Wednesday, May 2, 2007

Munculnya Falsafah

Dalam sejarahnya, filsafat tidak muncul dari negeri antah-berantah. Kita mengenal filsafat terkadang melalui nama besar tokoh-tokohnya seperti Socrates, Buddha, Zarathustra, Mahavira, Kofusius dsb. Atau juga melalui ide-ide filsafat yang tak bisa kita runut lagi siapa yang menggagasnya. Atau juga melalui peradaban-peradaban besar yang dikenal kaya dengan tokoh-tokoh dan pemikiran-pemikiran filsafat seperti Yunani, Persia, India dan Mesir.
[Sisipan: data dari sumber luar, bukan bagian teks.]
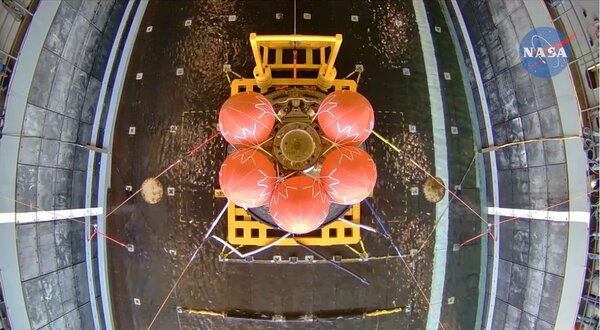 Корабль NASA Orion вернулся на Землю, облетев Луну. Следующая миссия с экипажем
Satu hal yang pasti, bahwa filsafat muncul di dunia tidak hanya sekali tetapi berkali-kali di berbagai tempat. Filsafat tidak dapat dibatasi pada suatu tradisi filosofis atau peradaban tertentu saja. Betapa banyak peradaban-peradaban lain yang ada di dunia ini yang tidak bisa diabaikan, yang mustahil bahwa mereka mampu membangun suatu peradaban tanpa ada kekuatan filosofis yang menopangnya.

Di dunia Islam, pemikiran filsafat mulai berkembang sejak abad ke-9 sampai abad ke-12 M bermula dari interaksi pemikir-pemikir muslim dengan karya-karya pemikiran filosofis yang telah berkembang lebih dulu di wilayah-wilayah baru yang dikuasai oleh Islam. Faktor yang memfasilitasi perkembangan ini terutama adalah gerakan penerjemahan buku-buku ilmu pengetahuan berbahasa asing ke dalam bahasa Arab, terutama karya-karya filsafat Yunani yang telah dimulai sejak abad ke-8 M. Hasil penelaahan para sarjana muslim terhadap karya-karya tersebut kemudian disistematisasikan dan diintegrasikan dengan pemahaman ajaran agama. Tradisi filsuf yang cukup berpengaruh dalam pemikiran filsuf muslim pada masa-masa awal terutama adalah pemikiran Aristoteles yang pengikutnya dikenal dengan sebutan peripatetik karena kebiasaan mereka yang mengajar sambil berjalan. Di samping itu mereka juga beroleh pengaruh dari pemikiran Plotinus terutama dalam penggunaan kerangka pemikiran emanasi.

Pada periode pertumbuhan itu, banyak filsuf muslim dengan kapasitas intelektual mengagumkan yang muncul dan menjadi terkenal dengan pemikirannya. Mereka umumnya dapat mengembangkan pemikirannya secara leluasa sehingga menumbuhkan dinamika intelektual tersendiri di kalangan umat. Wacana awal yang berkembang adalah tentang kedudukan dan peran akal sebagai instrumen untuk mencapai kebenaran di samping wahyu. Di masa itu, antara filsafat dan agama atau antara akal dan wahyu tidak dipandang sebagai oposisi-biner yang kontradiktif. Sebaliknya, kebenaran yang dicapai oleh filsafat dinilai tidak bertentang dengan kebenaran agama sungguhpun bentuknya berbeda. Fakta juga menunjukkan bahwa filsafat memberi kontribusi tersendiri bagi perkembangan Ilmu Kalam yang telah berjasa memajukan dan memperkokoh ajaran Islam dengan pemahaman yang bercorak rasional.

Tetapi belakangan, sejak abad ke-14 sampai memasuki abad ke-19, dunia Islam seolah takut mengkaji filsafat. Hal ini tampaknya dipicu munculnya persepsi minor yang mengatakan: man tamantaq faqad tazandaq atau barangsiapa menerima logika (mantiq), maka sungguh dia telah menjadi kafir (zindiq). Adapun latar berkembangnya persepsi ini tampaknya dapat dikembalikan kepada pertelingkahan pemikiran yang terjadi antara filsuf di satu sisi dan teolog bahkan fuqaha’ di sisi lain. Konstruk berfikir para filsuf yang memberi pengakuan lebih besar kepada akal untuk menemukan kebenaran memang cenderung menghasilkan pemikiran yang lebih liberal dibanding pemahaman para teolog maupun fuqaha’. Pengembangan wacana dari tradisi-tradisi pemikiran yang berbeda ini tak jarang berubah menjadi kompetisi aktual yang saling menyalahkan bahkan mengkafirkan. Maka, filsafat kemudian menjadi sasaran penyerangan dari ahli agama sebagai ajaran yang seolah menyesatkan umat dan para ahli filsafat juga dituduh sebagai para mulhid (atheis). Sejak itulah pengkajian filsafat menjadi meredup di dunia Islam. Baru di penghujung abad ke-19, Muhammad Abduh mulai menyuarakan kembali pentingnya mengkaji filsafat sebagai salah satu motor penting pengembangan keilmuan Islam.